Tradition grants U.S. senators great influence over presidential judicial nominations from their home state. But as hyper-partisanship has come to dominate Washington, such customs are falling by the wayside.

Both Democrats and Republicans in recent decades have become far more active in slowing down or blocking the majority party’s attempts to fill federal judicial vacancies. As Senate majority leader, Harry Reid famously limited the filibuster in an effort to more easily move Barack Obama’s judicial selections through the process. Meanwhile, President Donald Trump has begun to simply ignore advice from senators representing blue states when it comes to such vacancies. In February, for instance, the Republican Senate approved Eric D. Miller to the 9th U.S. Circuit Court of Appeals over the objections of both the senators representing his home state of Washington. It was the first time this had happened, Roll Call reported, since at least 1956.

Enter Nevada Sens. Catherine Cortez Masto and Jacky Rosen, both Democrats. A few weeks back, they announced their intention to form a panel to vet potential federal judicial nominees from Nevada. The goal, they said, was to ensure the state had federal judges who “are qualified, independent and selected through a nonpartisan process.” A noble goal, although a cynic might see it as an attempt by two minority members to preserve a modicum of their power to influence the current administration’s judicial selections.

At any rate, the plan was well-received. Carl Tobias, a former UNLV law professor now teaching at the University of Richmond, called it a “great idea. A lot of other senators in both parties from other states have done that.”

On Sunday, the duo announced the makeup of the panel and — lo and behold — several of the 10 participants have Democratic ties.

The two biggest names are Frankie Sue Del Papa, a former Democratic Nevada attorney general, and Barbara Buckley, who served as a Democratic lawmaker in Carson City for 17 years, the last four as Assembly speaker. Also on board is William Maupin, a former chief justice of the state Supreme Court who was first appointed to the bench by a Democratic governor, and Matthew Sharp, an attorney from Reno who has been active in trial bar politics. Other members of the commission include Zelalem Bogale, an attorney for the university system and a registered Democrat, and Marisa Rodriguez, president of the Latino Bar Association of Las Vegas.

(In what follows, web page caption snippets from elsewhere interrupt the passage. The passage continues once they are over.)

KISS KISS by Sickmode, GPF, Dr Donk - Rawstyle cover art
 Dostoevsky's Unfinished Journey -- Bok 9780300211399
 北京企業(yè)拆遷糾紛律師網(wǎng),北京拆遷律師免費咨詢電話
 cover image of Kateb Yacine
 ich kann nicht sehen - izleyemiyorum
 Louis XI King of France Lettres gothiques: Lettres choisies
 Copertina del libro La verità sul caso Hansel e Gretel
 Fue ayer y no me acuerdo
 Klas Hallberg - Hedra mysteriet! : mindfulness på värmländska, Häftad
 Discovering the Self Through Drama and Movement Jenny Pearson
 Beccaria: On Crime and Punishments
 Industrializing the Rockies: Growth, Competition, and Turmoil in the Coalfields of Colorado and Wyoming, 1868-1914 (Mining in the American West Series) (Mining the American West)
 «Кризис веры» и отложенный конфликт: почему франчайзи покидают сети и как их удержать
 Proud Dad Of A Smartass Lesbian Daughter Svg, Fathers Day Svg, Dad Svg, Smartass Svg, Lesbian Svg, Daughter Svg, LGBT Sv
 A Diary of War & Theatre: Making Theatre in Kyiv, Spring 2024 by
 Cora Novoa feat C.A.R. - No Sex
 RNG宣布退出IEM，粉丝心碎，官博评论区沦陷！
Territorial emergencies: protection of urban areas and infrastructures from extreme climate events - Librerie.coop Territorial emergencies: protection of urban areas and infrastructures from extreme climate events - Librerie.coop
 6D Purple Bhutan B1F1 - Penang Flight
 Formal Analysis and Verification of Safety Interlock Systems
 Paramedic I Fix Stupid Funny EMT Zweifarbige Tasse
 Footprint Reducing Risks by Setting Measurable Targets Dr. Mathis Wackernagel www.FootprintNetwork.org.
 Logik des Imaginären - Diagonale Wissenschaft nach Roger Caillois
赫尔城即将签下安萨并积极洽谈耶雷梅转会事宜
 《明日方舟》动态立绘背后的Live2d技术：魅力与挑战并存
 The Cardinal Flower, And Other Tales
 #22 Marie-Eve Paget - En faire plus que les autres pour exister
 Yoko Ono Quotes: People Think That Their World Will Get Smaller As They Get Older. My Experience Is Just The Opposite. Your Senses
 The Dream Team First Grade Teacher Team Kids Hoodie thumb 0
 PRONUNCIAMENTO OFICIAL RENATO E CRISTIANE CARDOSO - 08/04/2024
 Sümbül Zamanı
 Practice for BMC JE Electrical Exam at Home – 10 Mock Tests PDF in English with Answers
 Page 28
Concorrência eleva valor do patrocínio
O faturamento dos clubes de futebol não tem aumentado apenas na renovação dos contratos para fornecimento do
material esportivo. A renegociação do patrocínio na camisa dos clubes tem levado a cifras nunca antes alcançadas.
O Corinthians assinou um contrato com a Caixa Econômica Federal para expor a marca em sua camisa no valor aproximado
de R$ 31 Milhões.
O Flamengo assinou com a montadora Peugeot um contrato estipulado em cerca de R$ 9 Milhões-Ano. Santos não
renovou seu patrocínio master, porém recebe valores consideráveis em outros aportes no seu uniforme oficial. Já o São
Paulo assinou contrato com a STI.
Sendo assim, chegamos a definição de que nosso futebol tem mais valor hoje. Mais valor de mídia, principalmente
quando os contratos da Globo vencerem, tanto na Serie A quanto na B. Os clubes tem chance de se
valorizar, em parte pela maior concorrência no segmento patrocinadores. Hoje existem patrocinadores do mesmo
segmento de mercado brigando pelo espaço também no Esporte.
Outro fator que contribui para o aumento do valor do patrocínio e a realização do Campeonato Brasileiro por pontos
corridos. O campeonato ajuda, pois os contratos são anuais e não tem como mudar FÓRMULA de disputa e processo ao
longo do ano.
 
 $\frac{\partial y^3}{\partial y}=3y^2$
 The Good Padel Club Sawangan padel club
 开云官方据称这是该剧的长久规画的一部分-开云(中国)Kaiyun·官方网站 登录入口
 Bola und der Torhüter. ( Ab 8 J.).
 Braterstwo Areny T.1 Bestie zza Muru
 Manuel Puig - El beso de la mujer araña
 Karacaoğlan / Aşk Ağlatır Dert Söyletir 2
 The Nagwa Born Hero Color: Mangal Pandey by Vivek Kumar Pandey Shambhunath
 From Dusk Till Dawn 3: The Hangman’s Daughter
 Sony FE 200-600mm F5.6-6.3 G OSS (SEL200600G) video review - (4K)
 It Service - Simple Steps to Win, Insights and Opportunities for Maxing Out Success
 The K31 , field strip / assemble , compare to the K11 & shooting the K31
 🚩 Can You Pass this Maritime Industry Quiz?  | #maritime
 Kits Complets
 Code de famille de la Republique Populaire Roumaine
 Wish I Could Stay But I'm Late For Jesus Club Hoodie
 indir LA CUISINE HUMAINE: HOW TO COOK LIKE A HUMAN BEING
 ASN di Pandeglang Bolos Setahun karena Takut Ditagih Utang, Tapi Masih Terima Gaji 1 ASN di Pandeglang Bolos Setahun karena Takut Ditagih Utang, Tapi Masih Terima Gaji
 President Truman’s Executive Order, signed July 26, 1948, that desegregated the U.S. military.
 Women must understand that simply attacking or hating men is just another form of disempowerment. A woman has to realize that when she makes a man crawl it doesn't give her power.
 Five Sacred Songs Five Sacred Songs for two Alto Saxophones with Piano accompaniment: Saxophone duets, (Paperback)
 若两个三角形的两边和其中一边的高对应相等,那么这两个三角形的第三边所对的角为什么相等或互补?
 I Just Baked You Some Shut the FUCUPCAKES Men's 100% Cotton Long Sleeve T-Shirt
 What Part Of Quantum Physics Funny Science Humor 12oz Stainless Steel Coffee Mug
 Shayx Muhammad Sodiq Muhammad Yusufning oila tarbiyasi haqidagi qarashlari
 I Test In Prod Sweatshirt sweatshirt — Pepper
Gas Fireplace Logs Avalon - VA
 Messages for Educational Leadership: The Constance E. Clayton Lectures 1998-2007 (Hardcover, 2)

All of these people may be qualified for the task at hand. But if Sens. Cortez Masto and Rosen believe they’re creating a “nonpartisan process,” perhaps they might want to double-check the meaning of the word. In fact, the two senators have largely answered the question of whether an independent panel will actually depoliticize the process or simply distill and synthesize the inherent politics involved.